The San Juan Mountains of southwestern Colorado are part of an extensive Tertiary volcanic complex consisting of a thick sequence of lavas, breccias, and tuffs. These Tertiary volcanics are underlain by Precambrian, Paleozoic, and Mesozoic rocks which have been exposed in some areas as a result of uplift and erosion. It is in the western and southwestern portions of the San Juan complex that we see this older basement rock exposed at the surface. The Needle Mountains, San Miguel Mountains, Rico Mountains, and La Plata Mountains all consist mostly of this underlying basement rock.
The San Juan volcanics are the product of 3 episodes of volcanism beginning about 40 million years ago and lasting on and off for some 20 million years. The first pulse produced massive amounts of intermediate lavas, breccias, and related tuffs. The famous San Juan Formation is a product of this initial phase of volcanism. About 28 to 30 million years ago, southwestern Colorado was subjected to a renewed sequence of eruptions. This second phase of volcanic activity produced great quantities of silicic ash-flow tuffs and breccias. Significantly, this episode of volcanism was responsible for most of the mineralization in the San Juan Mountains. Fifteen separate calderas have been identified in the San Juans that date from this event. Significant mineralization is associated with many of these calderas. The third and final phase of volcanism began about 25 million years ago and was concentrated in the central and eastern portions of the San Juans. These third-phase volcanics are largely absent in the western part of the San Juan complex. This final phase of volcanism produced a bimodal sequence of dark-colored basalts and light-colored, high-silica rhyolites.
The Mount Wilson Complex forms the rugged spine of the San Miguel Mountains, near the western edge of the great San Juan Volcanic Field. The core of the Mount Wilson Complex consists of a large, mid-Tertiary dioritic intrusion. Nearly every peak in the area is composed of this diorite. The exceptions are Lizard Head and parts of Mount Wilson which consist of older sedimentary rock and younger volcanics.
Precious and base metal deposits occur in the San Juans in the form of veins and fracture-fillings, replacement bodies, and pipe or "chimney" structures. The majority of these ore deposits are associated with Tertiary volcanics. In the Mount Wilson District, the ore deposits consist of gold-bearing sulfide veins emplaced within a Tertiary diorite intrusion. The sulfide veins contain pyrite, chalcopyrite, galena, sphalerite, tetrahedrite, and arsenopyrite. The richest deposits were found on the western slope of Mount Wilson, near the head of Big Bear Creek. Here, a swarm of faults and fractures was discovered crisscrossing the diorite intrusion. Each fault and fracture was filled with gold-bearing sulfide ore.

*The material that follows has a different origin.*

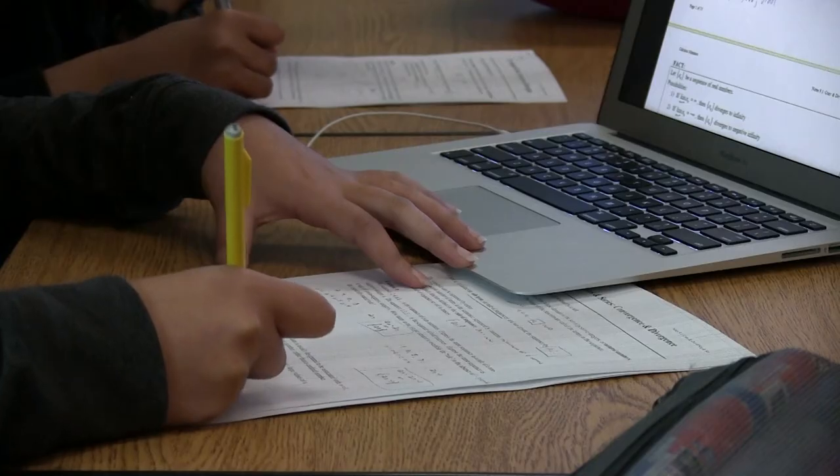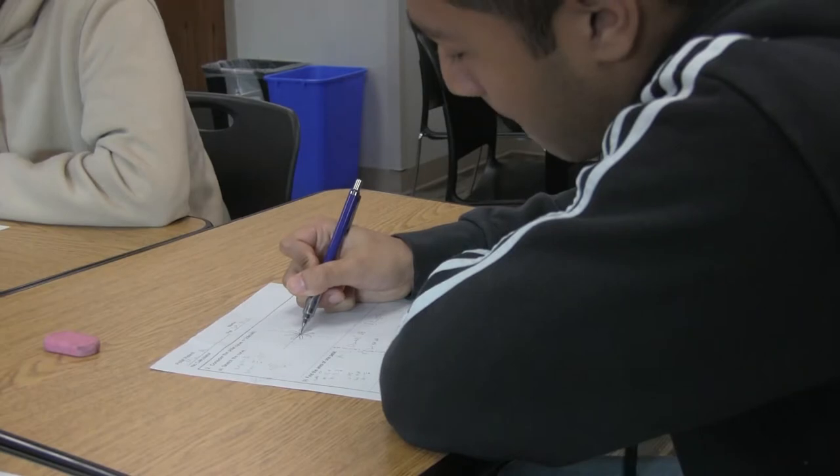Students at Lebanon Trail High School are solving problems one class at a time and increasing their knowledge of the highest level. Calculus BC is an AP math course that we offer that covers integral and differential calculus, similar to what you'd see in a college course.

The San Miguel Mountains of southwestern Colorado are extremely fertile ground for the modern-day prospector but they also present a unique set of challenges. First and foremost, the San Miguels contain some of the most rugged country in North America. The ruggedness of the area has always limited exploration and development to a certain extent. Secondly, the area of interest is quite extensive. It comprises all of the Mount Wilson Complex which forms the heart of the San Miguel Mountains. Three towering peaks mark the center of this complex: Mount Wilson, Wilson Peak, and El Diente Peak. Fifteen square miles of heavily forested mountain slopes and rugged alpine peaks make up the Mount Wilson Complex. But the area does have a proven history of gold production. During the 1870's, the lode deposits on Mount Wilson yielded nearly 25,000 ounces of gold.
The Tertiary diorite intrusion should probably be the focus of any prospector's search for the Lost Trail Mine. In the Mount Wilson District, all gold-bearing deposits are associated with this Tertiary diorite. It was said that the bones of the two prospectors were found in a small park or meadow high up on Mount Wilson - maybe the upper slopes of the peak should be looked at closely. Veins that occur as fracture-fillings tend to be thin and narrow and are easily overlooked. This is especially true in rugged and broken country. A metal-detector may be useful in the search for gold-bearing "float" hidden in the leaf litter or buried in alluvium.